▶ [Exercise description]
Although the listing below holds pictures, reproduce only its lines from the one containing "Пряжа Alize LanaGold 216" through the last, exactly and without them.

Supplied records Start Marker

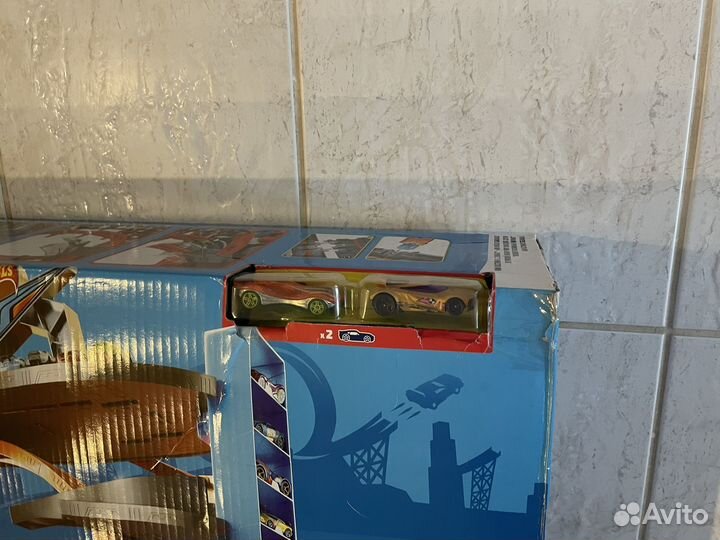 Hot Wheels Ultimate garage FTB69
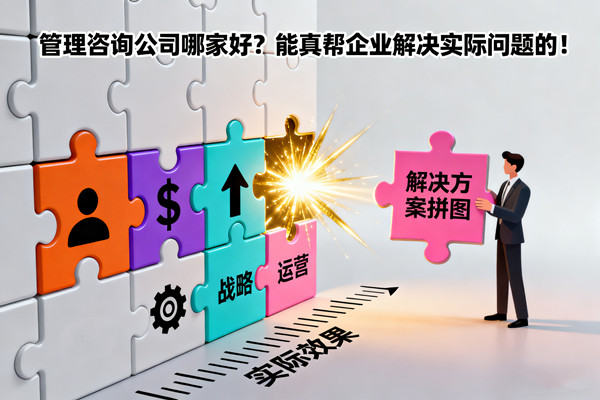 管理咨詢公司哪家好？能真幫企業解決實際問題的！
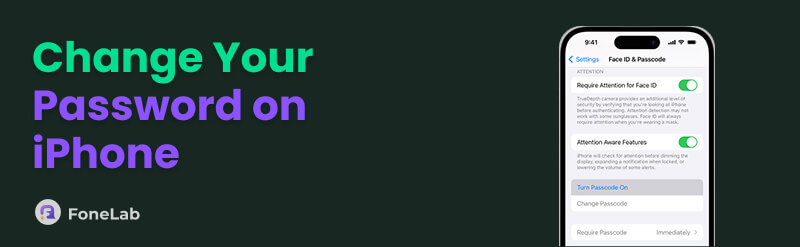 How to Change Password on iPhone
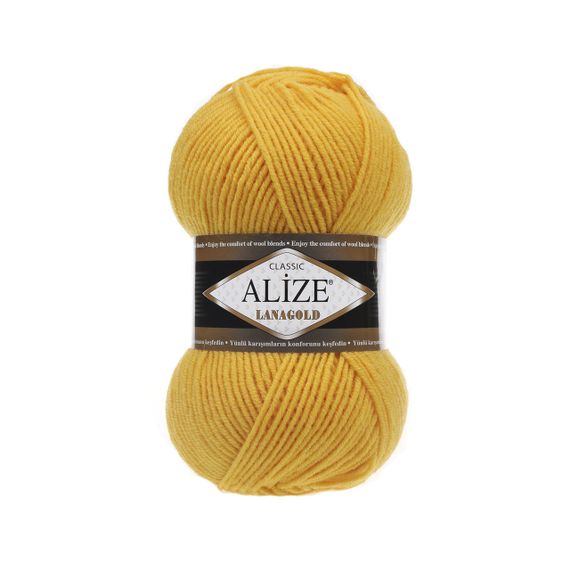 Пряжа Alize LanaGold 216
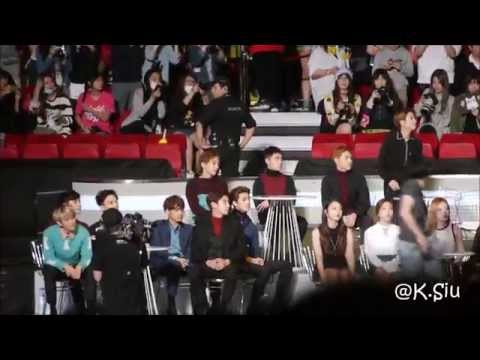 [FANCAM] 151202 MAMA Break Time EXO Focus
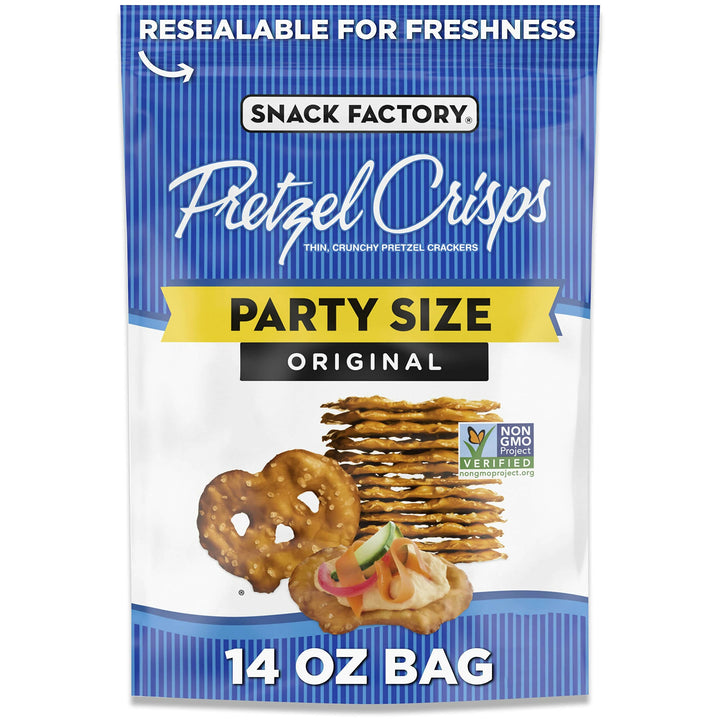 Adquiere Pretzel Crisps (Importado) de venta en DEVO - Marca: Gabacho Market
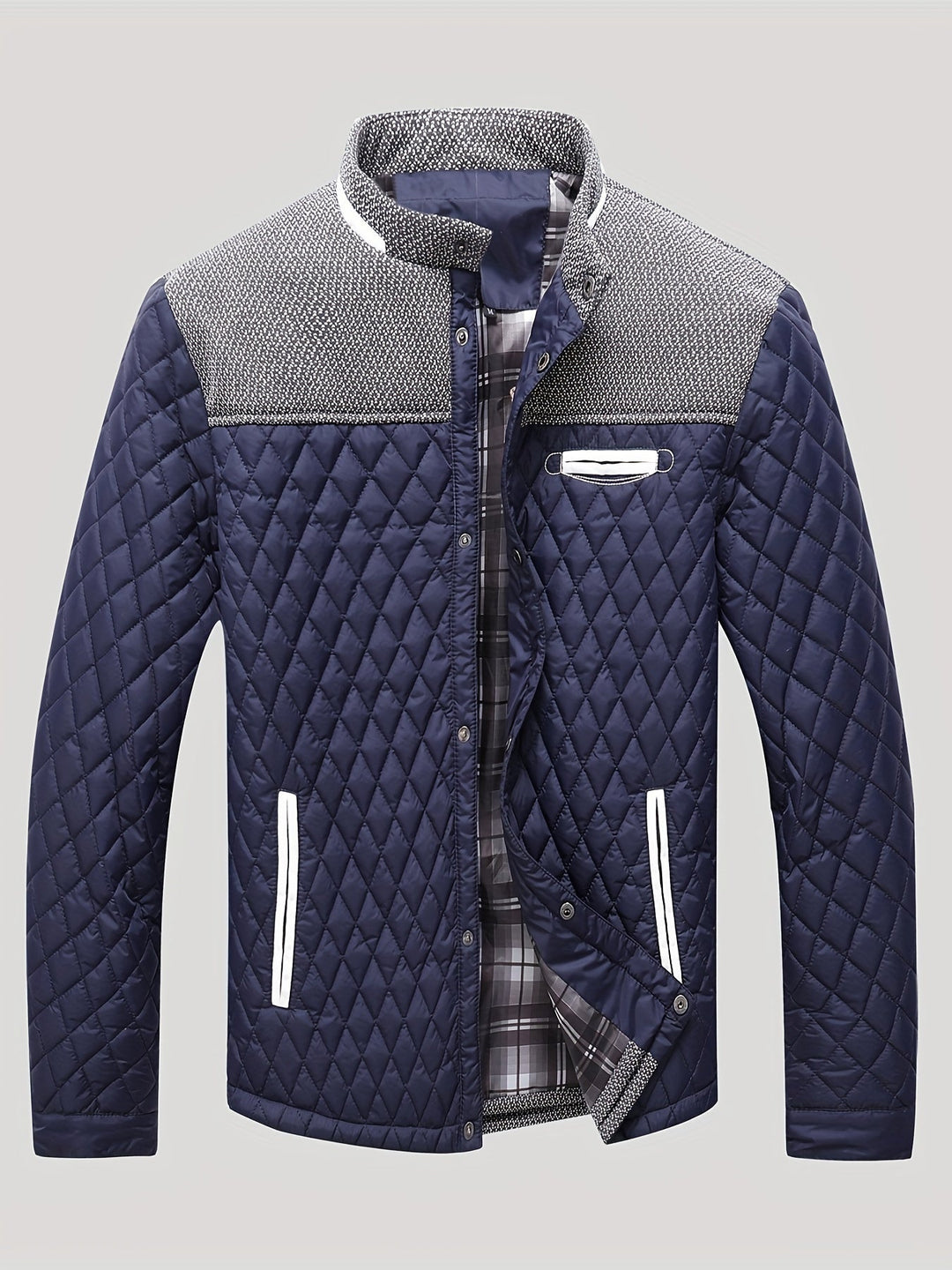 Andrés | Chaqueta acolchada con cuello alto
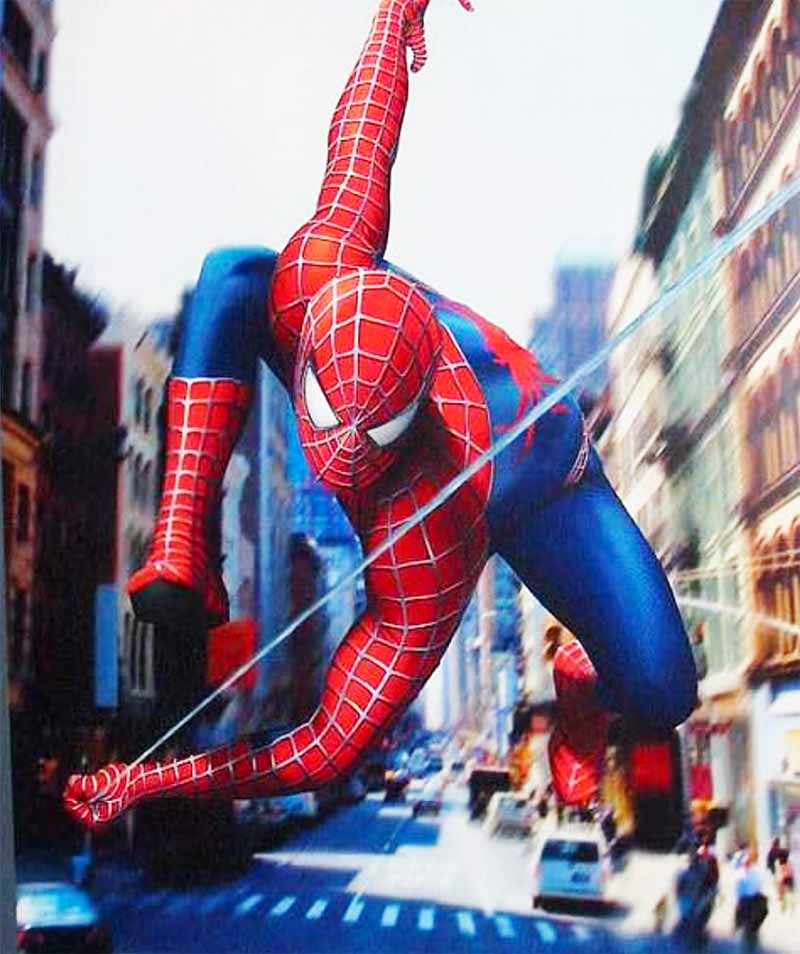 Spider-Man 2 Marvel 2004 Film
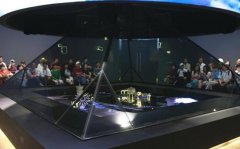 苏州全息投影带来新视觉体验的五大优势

Supplied records End Marker

▶ [Result of this task]
 Пряжа Alize LanaGold 216
 [FANCAM] 151202 MAMA Break Time EXO Focus
 Adquiere Pretzel Crisps (Importado) de venta en DEVO - Marca: Gabacho Market
 Andrés | Chaqueta acolchada con cuello alto
 Spider-Man 2 Marvel 2004 Film
 苏州全息投影带来新视觉体验的五大优势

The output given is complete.